Nate Marquardt vs. Chael Sonnen
The Breakdown: With Dan Henderson long gone and Vitor Belfort already lined up to face incumbent middleweight champion and destroyer of souls Anderson Silva, Marquardt and Sonnen enter this fight a win away from getting dibs on a title shot. The obvious question central to this fight is whether Sonnen can put his stultifying top control to work against one of the division’s most dynamic fighters.
Unlike the vast majority of wrestlers in MMA, Sonnen seamlessly transitions from one takedown attempt to another and is deft at employing everything from double legs to crotch-lift slams.

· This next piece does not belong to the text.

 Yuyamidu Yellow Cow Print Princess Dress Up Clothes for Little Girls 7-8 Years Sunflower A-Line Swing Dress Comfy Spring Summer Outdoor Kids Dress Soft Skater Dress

While Marquardt has shown stout takedown defense before, Thales Leites took him down multiple times in their contentious bout at UFC 85, and Sonnen’s wrestling makes Leites’ look like spastic flailing.
Historically, the problem for Sonnen has never been scoring takedowns. His issue has been keeping his limbs from getting mangled by competent grapplers. Marquardt has never been much of a guard player, but he does know how to create space and escape to his feet.
That is where this fight takes a bad turn for Sonnen. His simplistic striking game will get him knocked out if he tests his luck. The predictability of Sonnen’s striking, which consists of simple one-two combos and telegraphed leg kicks, plays right into the hands of Marquardt, who has developed into a dangerous counterpuncher.
Throwing telegraphed strikes got Demian Maia knocked into another dimension in his fight with Marquardt at UFC 102, and Sonnen will do no better if he can’t hold Marquardt down. Limiting your options that much against someone as versatile as Marquardt rarely ends well, and Sonnen’s been known to trip at the finish line.
The Bottom Line: Marquardt has too much skill for Sonnen to overcome the difference with pure top control. The road getting there may be rough, but Marquardt will eventually get Sonnen in a bad spot on the feet and bust out a “Street Fighter”-style super combo for the finish.